Nigeria, Africa’s biggest economy and one of its most oil-rich, is suffering from its worst ever energy shortage, according to reports in the country’s media. The fuel crisis has grounded airlines, shut banks and hospitals, disrupted telecommunications, and led to the closure of a number of manufacturing companies.

Nigeria depends on fuel imports to meet more than 70% of its domestic requirements and pays importers to guarantee cheaper local prices. Major fuel distribution companies allege they are owed $1 billion in outstanding payments by the outgoing government of President Goodluck Jonathan, and have gone on strike in protest.

According to Bloomberg, MTN, Africa’s biggest mobile phone company with 61 million customers in Nigeria, said in a statement it was running low on fuel reserves. Both MTN and Airtel were said to have shut down a number of base stations.

Guaranty Trust Bank Plc, Nigeria’s biggest lender, closed its offices on May 25 because of the shortages, while Arik Air, the country’s biggest carrier, has cut two-thirds of its 120 daily flights.

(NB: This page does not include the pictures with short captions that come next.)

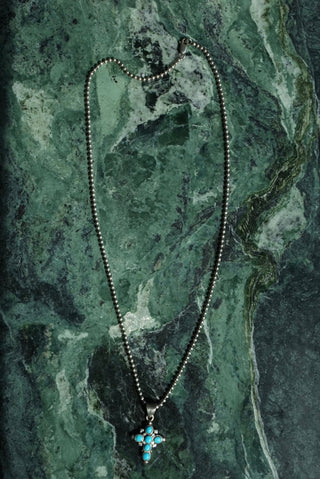 New Light - Sterling Turquoise Cabochon Cross Necklace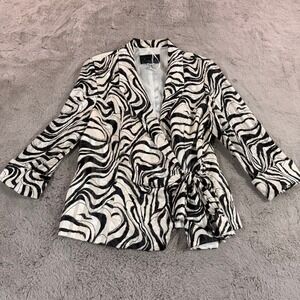 ALEX EVENINGS Women Zebra Party Blazer Jacket L Wrap‎ Lined Blouse Shawl Collar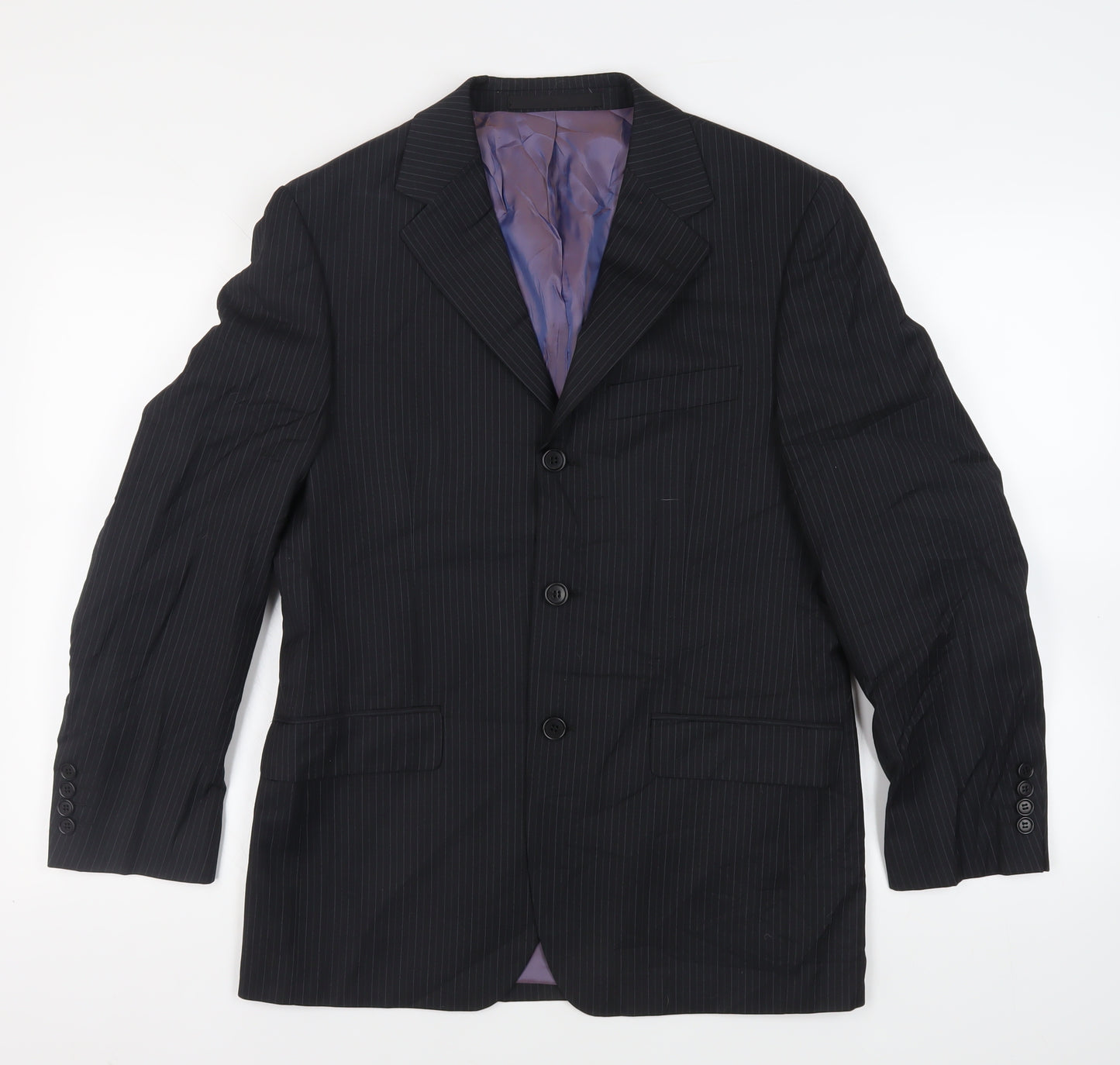 Marks and Spencer Mens Black Striped Wool Jacket Suit Jacket Size 38 Regular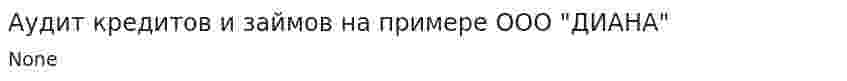Аудит кредитов и займов на примере ООО "ДИАНА"
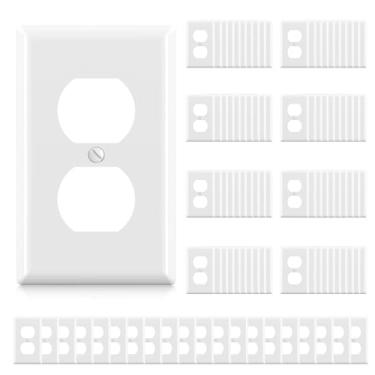 Imagem de ELEGRP Tampas de tomada de receptáculo duplex, placas de parede de tamanho padrão de 1 gangue, capas de placas frontais de dupla saída de policarbonato inquebrável, listado na UL, parafusos de cores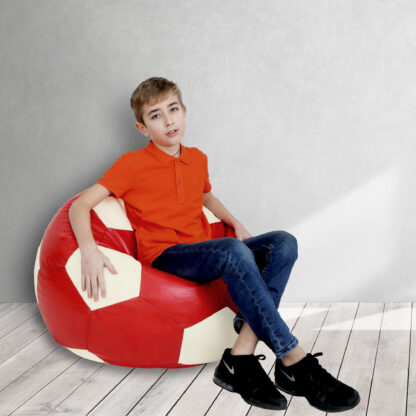 Fotoliu tip minge Mondo Ball, Bean Bag, rosu-crem, imitatie piele, 74 cm - imagine 9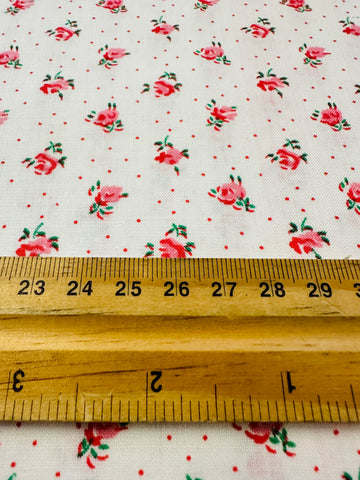 Vintage Fabric 1980s Delightful Tiny Pink Rose on White & Tiny Spot 88cm Wide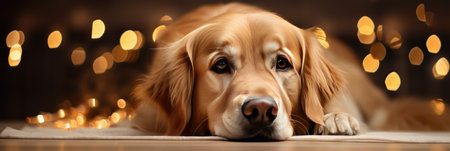 Golden Retriever lying on a floor with bokeh backgroundの素材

Hospitals and medical facilities have also been critically affected due to their over-reliance on diesel for temporary power generation as grid-fed electricity is not dependable across most of the country.

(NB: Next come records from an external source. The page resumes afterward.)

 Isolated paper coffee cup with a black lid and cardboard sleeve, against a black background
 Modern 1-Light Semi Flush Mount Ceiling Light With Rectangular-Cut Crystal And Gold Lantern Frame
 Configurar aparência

Aliko Dangote, who runs the country’s biggest network of cement production plants, told Thisday his cement plants at Ibese and Gboko had been closed down while the 10-million metric-ton plant at Obajana in Kogi State was operating at minimal capacity.

The disruption of fuel supplies has also led to the idling of 10 thermal power plants across the country, according to Thisday.

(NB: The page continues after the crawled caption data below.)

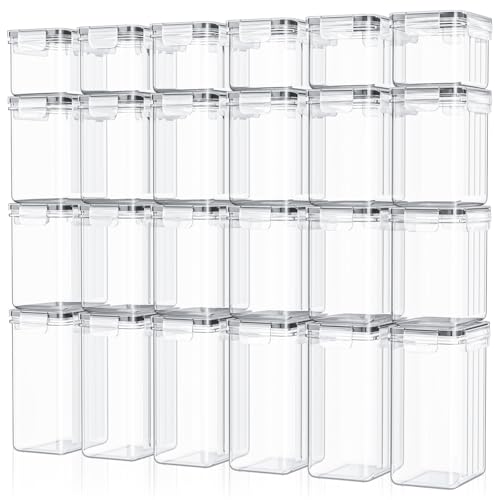 Storivo Food storage Lot de 24 boîtes de conservation hermétiques avec couvercle, organisateur de cuisine pour farine, sucre, céréales, etc., avec étiquettes et marqueurs, pour cuisine et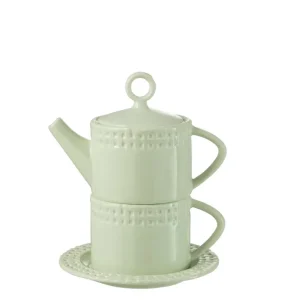 J-Line theepot + theemok - keramiek - groen
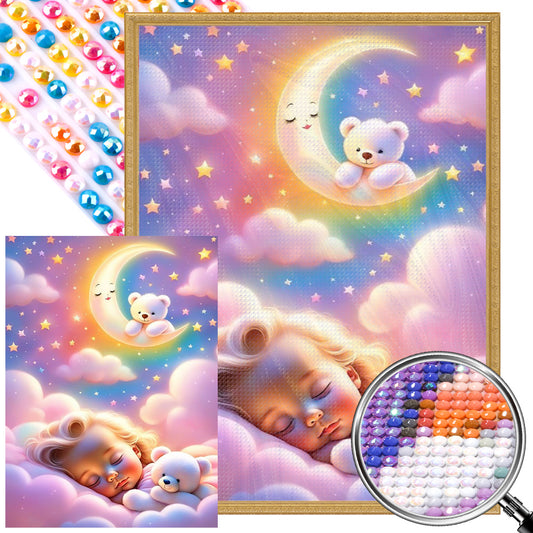 Baby Sleeping On The Clouds - Full AB Round Drill Diamond Painting 40*55CM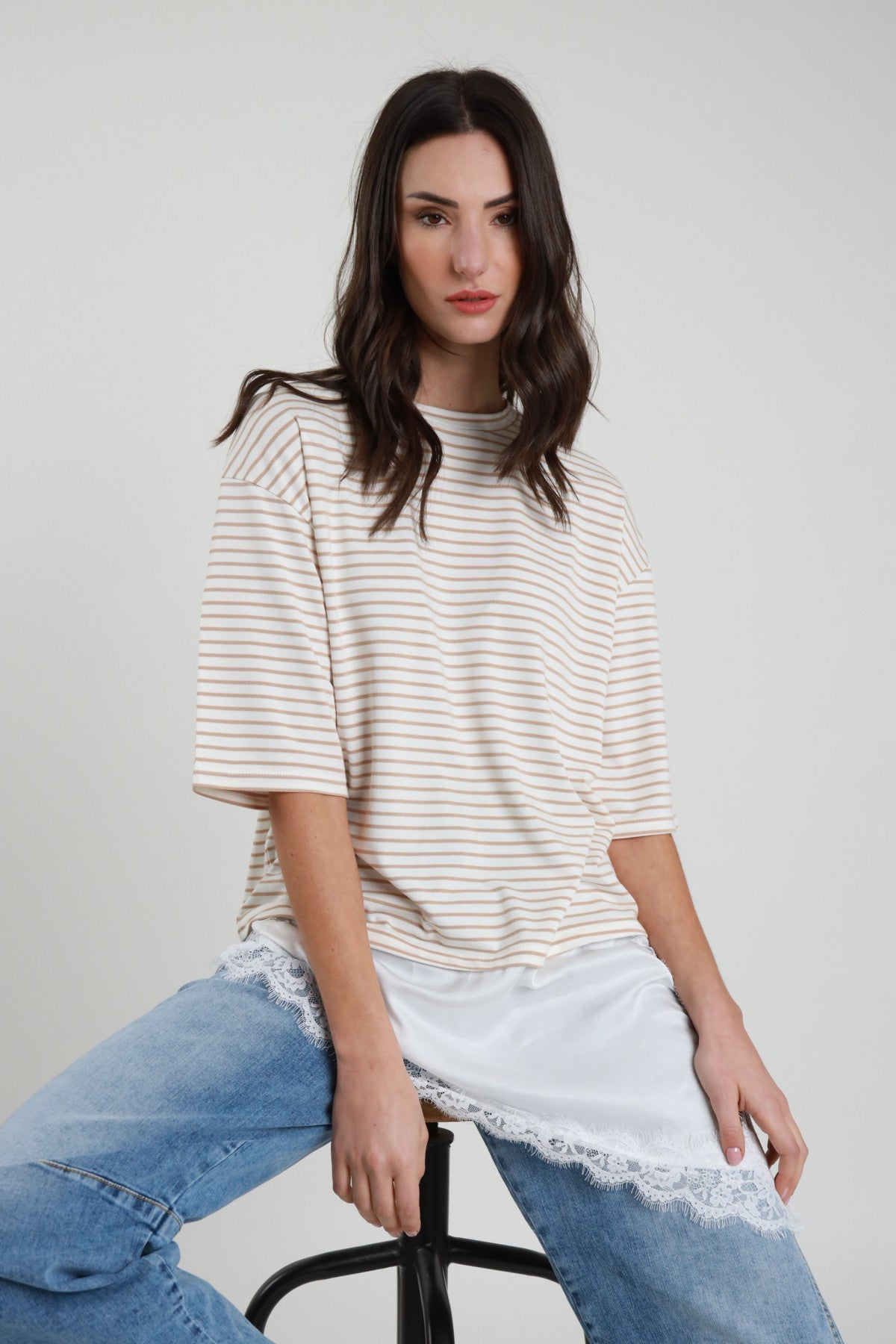 SUSY MIX T-SHIRT RIGHE E PIZZO BEIGE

The country’s four state-owned refineries were built to refine 445,000 barrels per day (bpd) of crude, enough to meet national demand of about 300,000 bpd, but they are poorly maintained and run at a fraction of their capacity.

President-elect Muhammadu Buhari will take over from Jonathan on May 29, causing anxiety among creditors that the new government may take longer to pay the claims, the head of the oil marketers body said in a May 12 interview.

The strike by oil marketers and distributors has been further exacerbated by disputes and strikes at the state-owned Nigerian National Petroleum Corporation (NNPC), normally the fuel supplier of last resort in the country.

Dangote told Thisday he had flown to Abuja on May 23 to meet President Jonathan and exhort him to take measures to address the situation.

Dangote said: “I met with the president on Saturday afternoon and spoke to him that night also. I impressed on him the need to address the situation urgently and to refrain from handing over the country to Buhari in such a mess.”